Pedro Alfonso sintió un golpe en la pantorrilla. Un niño que no levantaba una cuarta del suelo se había estrellado contra su pierna. Vió con sorpresa cómo los dos helados y el algodón de azúcar que el pequeño llevaba en la mano se deslizaban por la pernera del elegante y caro pantalón. Luego su mirada se encontró con los preocupados ojos grises del causante de la colisión. La expresión contrita de su rostro le dio tanta pena que no se atrevió a regañarlo. ¿Qué hacía un niño tan pequeño solo por ahí?
—¿Te encuentras bien, chico?
El niño, que no le llegaba a Pedro ni a la rodilla, asintió con la cabeza.
—¿Dónde están tus padres?
Solo obtuvo por respuesta un encogimiento de hombros. Pedro miró al gentío que se había reunido allí a la hora de comer. Era agosto y hacía calor. Laura Caldwell acababa de inaugurar su nueva guardería. Todo el pueblo se encontraba allí para celebrarlo porque Storkville se tomaba en serio la responsabilidad de cuidar a sus niños, lo cual le hizo preguntarse nuevamente quién dejaría a su hijo solo en la calle. Miró los escaparates y la calle hacia un lado y el otro.
—¿Tus padres trabajan por aquí?
—Mami trabaja en…
En ese instante oyó una asustada voz femenina.
—¡Beeeenjaaaa! —llamaba.
—¿Cómo te llamas?
—Wookie —le respondió el niño.
—¿Como el personaje de La guerra de las galaxias?
El niño lo miró sin comprender. La gente se abrió y permitió a Pedro ver a tres metros a una mujer con aspecto desesperado y dos niñitas llorosas de la mano. Se quedó sin aliento al verla. Una melena castaña que le llegaba al hombro le enmarcaba con sus rizos el rostro en forma de corazón donde resaltaban los ojos grises más grandes y expresivos que había visto en su vida. No era alta, quizás un metro cincuenta y pico, pero su esbelto cuerpo era la personificación de todos sus sueños.

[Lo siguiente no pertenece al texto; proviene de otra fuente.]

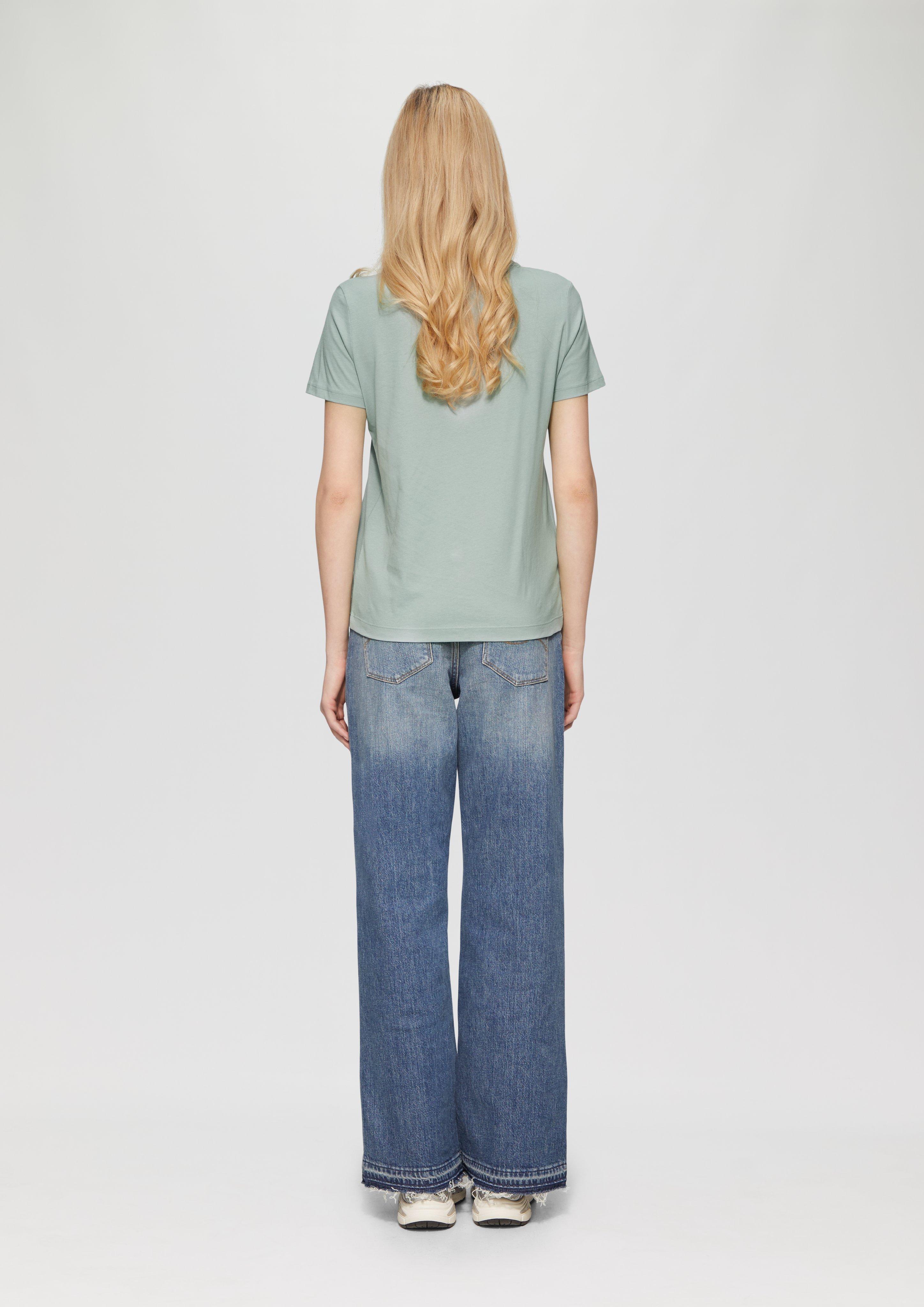 T-shirt in 7217 & 7854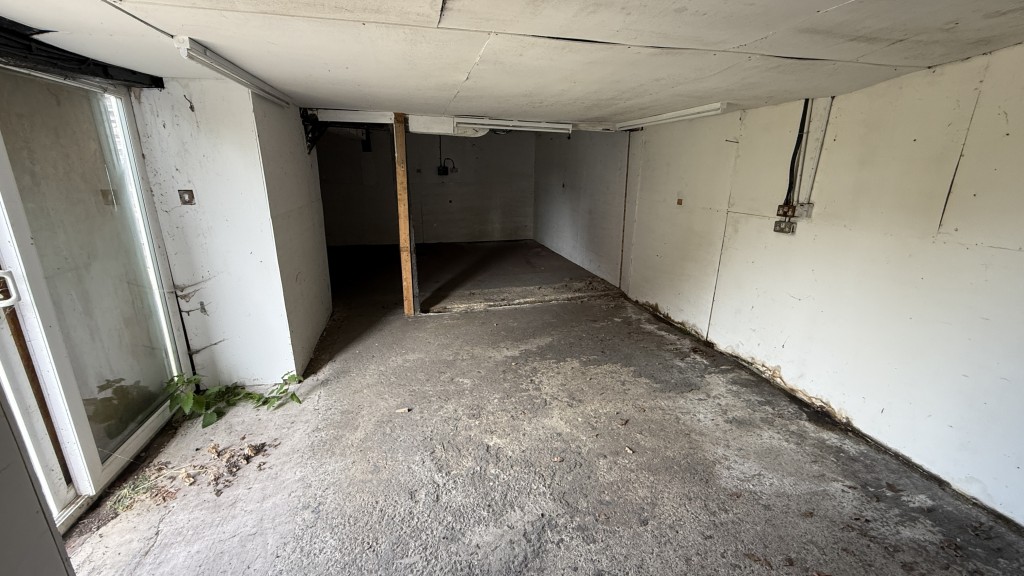 Lot: 130 - SUBSTANTIAL PERIOD PROPERTY WITH MULTIPLE BUILDINGS REQUIRING REFURBISHMENT - Internal image of The Forge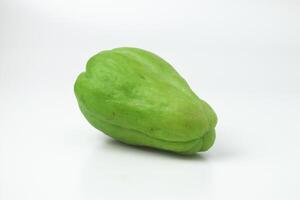 een vers chayote Aan een wit achtergrond foto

Fue como si lo atravesase un rayo. Fulminante.
Debido a la multitud en la calle principal, ella no veía ni a Pedro ni al pequeño, que se encontraban de pie frente a la gran casa victoriana con un jardín de juegos infantiles que ahora era Baby Care. Para llamarle la atención, Pedro levantó la mano, pero la volvió a bajar al darse cuenta de que le temblaba. Por fin, ella lo miró directamente y él señaló hacia abajo.
—¿Es este niño suyo, por casualidad?
Los hombros de la mujer se relajaron por el alivio. Se acercó de dos zancadas y se puso en cuclillas junto al niño.
—Benjamín, me has dado un susto de muerte —le dijo, con un tono que era una mezcla de preocupación y enfado. Luego lo abrazó como una boa constrictor—. No lo vuelvas a hacer nunca más.
La mujer se puso de pie, sonriendo, y su sonrisa le volvió a quitar el aliento a Pedro.
—¿Todos tienen la misma edad? —preguntó, viendo que las dos niñas tenían la misma altura que el varón—. Usted debe de ser de Storkville.
—¿Por aquello de que «la cigüeña que visita Storkville reparte los bebés a pares a aquellos cuyo amor es ilimitado»?
—Así es como reza la leyenda.
—Creo que aquella vez la cigüeña perdió el rumbo, porque me visitó en Omaha —dijo, mirando a los tres niños con infinito amor.
—¿No le parece que es poco sano permitir que un niño tan pequeño coma tanto dulce? —comentó , recordando el pegote que se le deslizaba por la pernera del elegante pantalón—. Por no mencionar el que vaya por ahí sin nadie que lo vigile, señora…
Los ojos de ella le recordaron, de repente, un cielo tormentoso y Pedro se preparó para ser atravesado por un rayo destructor.
—Paula Chaves Martínez—dijo ella, presentándose—. Sé perfectamente que un niño de tres años necesita que lo vigilen, señor…
—Alfonso, Pedro Alfonso.
Ella, de ser ello posible, pareció más enfadada todavía.
—¿De los Alfonso que fundaron Storkville?
—Exacto.
Así que ella sabía quién era y que el dinero no era precisamente una preocupación para él.
—Genial —murmuró ella, levantando la barbilla ligeramente, en actitud defensiva—. ¿Tiene usted niños, señor Alfonso?
—No estoy casado.
—Eso no es lo que le he preguntado. Para tener niños no es necesario estar casado.